INFOGRAPHIC: How Australia's corporate tax
rate compares to others around the world. (Supplied: US
Congressional Budget Office)
The average rate paid by American companies in Australia is just 17 per
cent.
The Treasurer's office takes issues with these figures, claiming they
are out of date because they are based on data from 2012. The Government
prefers a study by
Oxford University that puts Australia's effective average tax
rate at 26.6per cent and at the higher end of the scale.
Several analysts consulted by the ABC disagree. Managing director of
Plato Investment Management, Don Hamson says:
"Whilst the
data used in the 2017 CBO report is from 2012, it is the best analysis
available and I don't believe the Australian company tax landscape has changed
significantly since 2012."
Dr Hamson has worked in banking and finance in Australia, as a
university professor in Australia and the United States and has served on the
ASX Corporate Governance Council.
Regardless of which effective tax rate you prefer, both the Oxford and
the CBO data demonstrate the folly of focusing exclusively on the headline
corporate tax rate of 30 per cent.
Do tax cuts boost
investment?
Chris Richardson from Deloitte Access Economics told the ABC's Q&A
that there was a "consensus" from the experts about the macroeconomic
benefits of a corporate tax cut.
He said the cut represented $20 billion a year in growth for the
Australian economy with two out of every three dollars showing up as higher
wages. Those figures (and experts) came from
Treasury who provided modelling on behalf of the Government.
Will Australia really be uncompetitive with these countries if the Government's tax cut proposal is not passed by Parliament?
The numbers are based on the widely, but not universally, accepted
theory that cutting the company tax rate will raise investment, which should in
turn boost productivity and lift wages.
Apart from the obvious point that all else is not equal in practice, not
all investment boosts labour productivity.
According to other
Treasury-commissioned modelling, if the rate is lowered from 30 per
cent to 25 per cent then gross domestic product will double by September 2038
as opposed to December 2038 without the cut. Both models predict that in 20
years' time the unemployment rate will be 5 per cent regardless of whether we
spend $65 billion on company tax cuts or not.
In truth, it is hard to find real-world evidence to support these
economic theories, so the Government might be wise to heed the words of Plato:
"A good decision is based on knowledge and not on numbers."
Dividend imputation
often overlooked
The other issue often overlooked is the impact of Australia's dividend
imputation system. Australia and New Zealand are the only two countries in the
OECD that grant companies the right to attach tax credits to dividends paid out
to investors.
In most countries, companies pay tax and then shareholders pay tax on
their dividends. Australia taxes just once. Cutting the company tax rate
therefore doesn't result in a higher after-tax return on investment to
Australian shareholders in Australian businesses so Treasury's theoretical
model doesn't hold.
Experts including economist Saul Eslake estimate that Australia's 30 per
cent corporate rate with dividend imputation raises about as much tax for the
government as a 20 per cent rate without dividend imputation.

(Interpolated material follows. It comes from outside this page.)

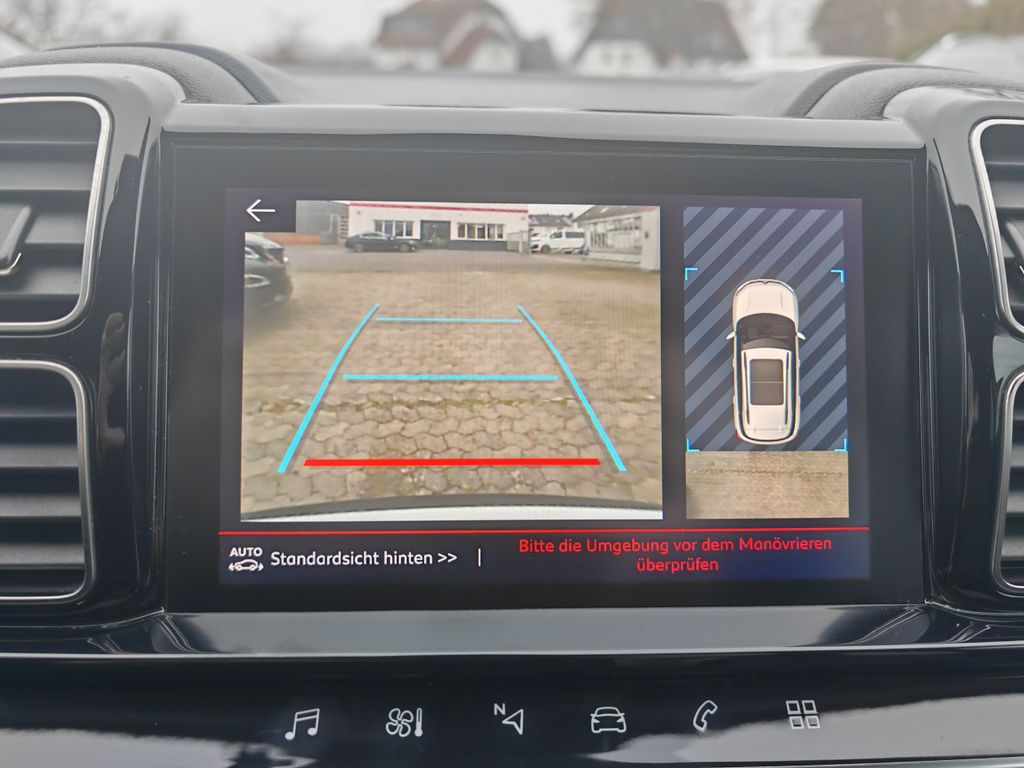 Citroën C5 Aircross 2022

The principal beneficiaries of a cut in Australia's corporate tax rate
are overwhelmingly foreign companies and foreign shareholders in Australian
companies. There is no guarantee at all that cutting the tax they pay in
Australia will lead them to increase the level of business investment in
Australia.
PHOTO: The last time tax cuts were on
the table was when treasurer Peter Costello was in the chair. (Alan
Porritt: AAP)
Can Australia
afford to spend $65 billion?
The last time a government splashed around cash in the form of tax cuts
the treasurer was Peter Costello, who had no debt and no deficit to contend
with, thanks to oversized profits and attendant corporate tax flowing from the
mining boom.
In 2018's Australia, it's hard to imagine how a government could ever
again manage to give away the equivalent of Mr Costello's $170 billion worth of
tax cuts while still protecting the surplus.
It's been 10 years since the Australian budget was last in surplus. With
a debt of more than $600 billion, many are questioning the merits of
prioritising a $65 billion giveaway to big business in the form of a tax cut.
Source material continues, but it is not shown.